Cumulatively, that adds some $540 billion to annual GDP within 24 years, in an economy in which was measured at $453 billion nominal GDP in 2025.


“These gains are driven by a reinforcing engine working together: stable and enduring policies, abundant renewable energy, accelerated innovation and productivity, and a credible carbon price,” the SBC report says.


These were “deliberately conservative” estimates, said SBC chief executive, Mike Burrell. For example, the plan does not include any estimates of a role for low-carbon hydrogen for industrial heat or fertiliser manufacturing.


Uptake of digital technology to drive efficiency is a key part of the plan.


So, too, is a “public-private ‘energy efficient process heat’ partnership to reduce industrial dependence on imported fuel, unlock electrification and other low carbon sources of energy to serve industrial process heat by converting an ambitious but realistic percentage of existing fossil-based process heat to low carbon, digitally enabled alternatives”.

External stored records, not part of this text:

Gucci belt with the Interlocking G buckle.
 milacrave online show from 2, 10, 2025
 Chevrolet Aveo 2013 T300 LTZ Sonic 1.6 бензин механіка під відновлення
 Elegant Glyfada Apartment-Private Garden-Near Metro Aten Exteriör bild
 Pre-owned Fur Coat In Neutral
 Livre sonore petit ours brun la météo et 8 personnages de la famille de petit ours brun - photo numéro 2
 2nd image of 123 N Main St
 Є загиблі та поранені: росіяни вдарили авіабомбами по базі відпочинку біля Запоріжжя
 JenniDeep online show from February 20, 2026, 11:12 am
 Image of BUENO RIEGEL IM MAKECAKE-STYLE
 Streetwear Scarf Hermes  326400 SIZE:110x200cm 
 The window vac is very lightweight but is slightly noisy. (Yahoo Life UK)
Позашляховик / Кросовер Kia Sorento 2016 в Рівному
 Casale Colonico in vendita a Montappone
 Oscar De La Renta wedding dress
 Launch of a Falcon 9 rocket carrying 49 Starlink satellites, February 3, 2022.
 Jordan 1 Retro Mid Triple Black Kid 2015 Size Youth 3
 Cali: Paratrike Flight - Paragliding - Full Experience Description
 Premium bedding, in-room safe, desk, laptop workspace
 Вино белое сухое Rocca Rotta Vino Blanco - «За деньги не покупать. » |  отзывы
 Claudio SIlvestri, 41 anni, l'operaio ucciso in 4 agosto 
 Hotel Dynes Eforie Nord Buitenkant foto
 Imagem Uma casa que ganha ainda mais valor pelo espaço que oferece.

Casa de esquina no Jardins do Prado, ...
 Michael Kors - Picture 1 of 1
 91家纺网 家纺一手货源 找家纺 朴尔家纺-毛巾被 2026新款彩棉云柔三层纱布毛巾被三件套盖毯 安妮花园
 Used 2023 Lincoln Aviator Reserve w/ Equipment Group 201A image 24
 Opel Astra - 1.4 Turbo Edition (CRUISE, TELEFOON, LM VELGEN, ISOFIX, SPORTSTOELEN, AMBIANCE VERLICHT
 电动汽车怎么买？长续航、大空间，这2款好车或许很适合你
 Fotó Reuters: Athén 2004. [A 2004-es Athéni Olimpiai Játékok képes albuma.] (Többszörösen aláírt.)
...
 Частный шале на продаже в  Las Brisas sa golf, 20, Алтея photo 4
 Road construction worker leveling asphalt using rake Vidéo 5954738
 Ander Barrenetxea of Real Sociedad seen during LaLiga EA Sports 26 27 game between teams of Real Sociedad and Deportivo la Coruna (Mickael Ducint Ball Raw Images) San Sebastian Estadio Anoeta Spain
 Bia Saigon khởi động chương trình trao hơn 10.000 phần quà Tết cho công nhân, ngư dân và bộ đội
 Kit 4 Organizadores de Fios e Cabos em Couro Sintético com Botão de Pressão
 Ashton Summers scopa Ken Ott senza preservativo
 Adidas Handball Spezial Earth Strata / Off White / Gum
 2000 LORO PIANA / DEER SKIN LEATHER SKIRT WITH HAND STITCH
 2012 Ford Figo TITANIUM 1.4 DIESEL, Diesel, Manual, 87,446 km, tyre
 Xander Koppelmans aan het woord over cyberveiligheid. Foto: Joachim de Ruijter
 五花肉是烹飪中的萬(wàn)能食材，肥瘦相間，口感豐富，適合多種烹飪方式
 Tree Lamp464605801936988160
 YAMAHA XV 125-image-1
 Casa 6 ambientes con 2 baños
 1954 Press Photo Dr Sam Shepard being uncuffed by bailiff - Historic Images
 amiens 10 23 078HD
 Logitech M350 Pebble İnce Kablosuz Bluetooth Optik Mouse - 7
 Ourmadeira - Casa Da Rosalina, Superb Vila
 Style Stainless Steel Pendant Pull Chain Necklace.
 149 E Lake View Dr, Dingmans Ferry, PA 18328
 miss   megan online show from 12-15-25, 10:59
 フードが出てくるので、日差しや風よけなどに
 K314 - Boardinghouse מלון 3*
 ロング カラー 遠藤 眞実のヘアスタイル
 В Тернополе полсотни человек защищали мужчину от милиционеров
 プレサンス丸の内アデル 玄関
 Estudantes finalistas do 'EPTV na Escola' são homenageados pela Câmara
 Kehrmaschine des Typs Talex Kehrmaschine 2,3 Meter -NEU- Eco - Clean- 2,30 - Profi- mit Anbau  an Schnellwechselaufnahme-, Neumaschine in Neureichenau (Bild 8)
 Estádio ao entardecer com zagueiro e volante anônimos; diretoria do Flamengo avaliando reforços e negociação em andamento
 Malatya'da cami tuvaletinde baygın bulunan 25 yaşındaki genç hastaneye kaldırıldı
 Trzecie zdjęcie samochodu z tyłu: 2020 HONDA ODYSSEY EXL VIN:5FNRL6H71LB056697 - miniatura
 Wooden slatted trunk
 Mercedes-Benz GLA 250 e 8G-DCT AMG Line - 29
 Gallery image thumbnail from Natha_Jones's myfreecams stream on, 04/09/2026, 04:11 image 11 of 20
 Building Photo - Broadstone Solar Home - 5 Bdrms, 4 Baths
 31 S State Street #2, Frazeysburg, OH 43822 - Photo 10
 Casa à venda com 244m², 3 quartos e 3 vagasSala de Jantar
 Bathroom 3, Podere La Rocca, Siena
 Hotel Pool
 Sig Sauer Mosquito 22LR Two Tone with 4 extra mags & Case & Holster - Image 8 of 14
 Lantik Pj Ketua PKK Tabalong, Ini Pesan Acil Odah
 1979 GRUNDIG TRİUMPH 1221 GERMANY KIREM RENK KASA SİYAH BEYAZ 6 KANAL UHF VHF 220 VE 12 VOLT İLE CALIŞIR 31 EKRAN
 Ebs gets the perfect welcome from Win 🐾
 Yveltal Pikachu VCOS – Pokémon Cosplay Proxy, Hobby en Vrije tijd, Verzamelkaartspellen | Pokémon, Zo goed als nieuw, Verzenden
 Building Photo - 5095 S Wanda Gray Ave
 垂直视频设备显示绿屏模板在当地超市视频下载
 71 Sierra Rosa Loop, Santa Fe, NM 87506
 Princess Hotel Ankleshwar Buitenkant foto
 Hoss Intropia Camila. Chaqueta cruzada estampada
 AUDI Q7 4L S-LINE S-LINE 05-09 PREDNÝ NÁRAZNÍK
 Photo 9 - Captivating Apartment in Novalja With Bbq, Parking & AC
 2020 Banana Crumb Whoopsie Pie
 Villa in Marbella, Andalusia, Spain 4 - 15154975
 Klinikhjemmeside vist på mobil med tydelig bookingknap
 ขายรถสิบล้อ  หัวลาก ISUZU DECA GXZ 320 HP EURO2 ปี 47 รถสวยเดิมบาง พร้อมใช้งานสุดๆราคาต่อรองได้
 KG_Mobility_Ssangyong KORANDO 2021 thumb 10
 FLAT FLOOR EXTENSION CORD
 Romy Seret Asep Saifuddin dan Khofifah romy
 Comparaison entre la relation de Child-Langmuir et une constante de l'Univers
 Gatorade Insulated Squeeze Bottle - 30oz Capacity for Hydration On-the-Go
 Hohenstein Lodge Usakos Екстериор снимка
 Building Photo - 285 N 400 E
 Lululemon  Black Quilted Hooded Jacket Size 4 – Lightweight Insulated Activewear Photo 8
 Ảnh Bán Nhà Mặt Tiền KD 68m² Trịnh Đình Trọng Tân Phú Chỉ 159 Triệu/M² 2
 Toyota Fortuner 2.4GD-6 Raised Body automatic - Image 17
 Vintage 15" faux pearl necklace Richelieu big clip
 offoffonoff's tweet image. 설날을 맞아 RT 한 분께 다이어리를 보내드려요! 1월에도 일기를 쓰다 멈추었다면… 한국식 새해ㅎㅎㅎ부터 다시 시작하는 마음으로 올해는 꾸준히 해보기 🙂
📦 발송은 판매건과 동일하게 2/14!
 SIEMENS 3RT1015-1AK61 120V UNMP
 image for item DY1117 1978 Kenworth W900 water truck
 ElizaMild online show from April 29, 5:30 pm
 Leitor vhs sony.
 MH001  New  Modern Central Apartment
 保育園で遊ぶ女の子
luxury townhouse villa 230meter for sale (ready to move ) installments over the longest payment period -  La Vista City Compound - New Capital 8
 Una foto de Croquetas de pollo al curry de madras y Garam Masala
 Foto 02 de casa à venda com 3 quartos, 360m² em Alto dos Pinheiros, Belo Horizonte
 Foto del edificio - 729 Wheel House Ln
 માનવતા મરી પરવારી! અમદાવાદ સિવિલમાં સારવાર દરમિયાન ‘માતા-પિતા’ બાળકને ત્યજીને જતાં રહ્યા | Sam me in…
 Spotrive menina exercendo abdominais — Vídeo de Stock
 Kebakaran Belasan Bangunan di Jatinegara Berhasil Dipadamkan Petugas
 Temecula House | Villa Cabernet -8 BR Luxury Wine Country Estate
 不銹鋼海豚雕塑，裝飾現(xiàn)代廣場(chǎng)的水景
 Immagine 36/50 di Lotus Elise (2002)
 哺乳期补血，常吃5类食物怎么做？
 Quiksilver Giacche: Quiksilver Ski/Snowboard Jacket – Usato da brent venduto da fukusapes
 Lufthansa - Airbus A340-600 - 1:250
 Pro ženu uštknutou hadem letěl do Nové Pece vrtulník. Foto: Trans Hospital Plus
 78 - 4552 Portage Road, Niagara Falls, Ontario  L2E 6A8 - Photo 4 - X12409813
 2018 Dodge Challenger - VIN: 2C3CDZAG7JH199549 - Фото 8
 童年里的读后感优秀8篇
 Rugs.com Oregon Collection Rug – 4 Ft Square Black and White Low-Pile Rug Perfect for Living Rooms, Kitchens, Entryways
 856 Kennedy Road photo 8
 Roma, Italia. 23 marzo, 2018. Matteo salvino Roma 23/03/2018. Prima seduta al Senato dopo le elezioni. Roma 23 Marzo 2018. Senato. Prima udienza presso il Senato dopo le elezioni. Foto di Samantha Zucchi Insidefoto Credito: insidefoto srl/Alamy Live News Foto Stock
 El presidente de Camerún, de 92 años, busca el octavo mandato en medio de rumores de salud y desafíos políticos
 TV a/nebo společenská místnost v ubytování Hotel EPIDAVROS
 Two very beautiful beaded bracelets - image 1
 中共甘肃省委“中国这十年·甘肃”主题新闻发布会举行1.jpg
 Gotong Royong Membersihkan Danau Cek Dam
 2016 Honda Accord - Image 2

Transport sector electrification required a joint government-business national fleet resilience plan “to decarbonise our transport system as insurance against future fuel shocks”.


“This should include coordinated electrification roadmaps for heavy freight, light vehicles and public transport, while recognising the potential of alternative fuels.”


NZ should also “maintain pace with international expectations for sustainable fuel use in aviation and shipping”.


On improving the ETS, the report says NZ needs “a strong and predictable market-based carbon price that creates the incentives necessary for decarbonisation, while delivering productivity gains”.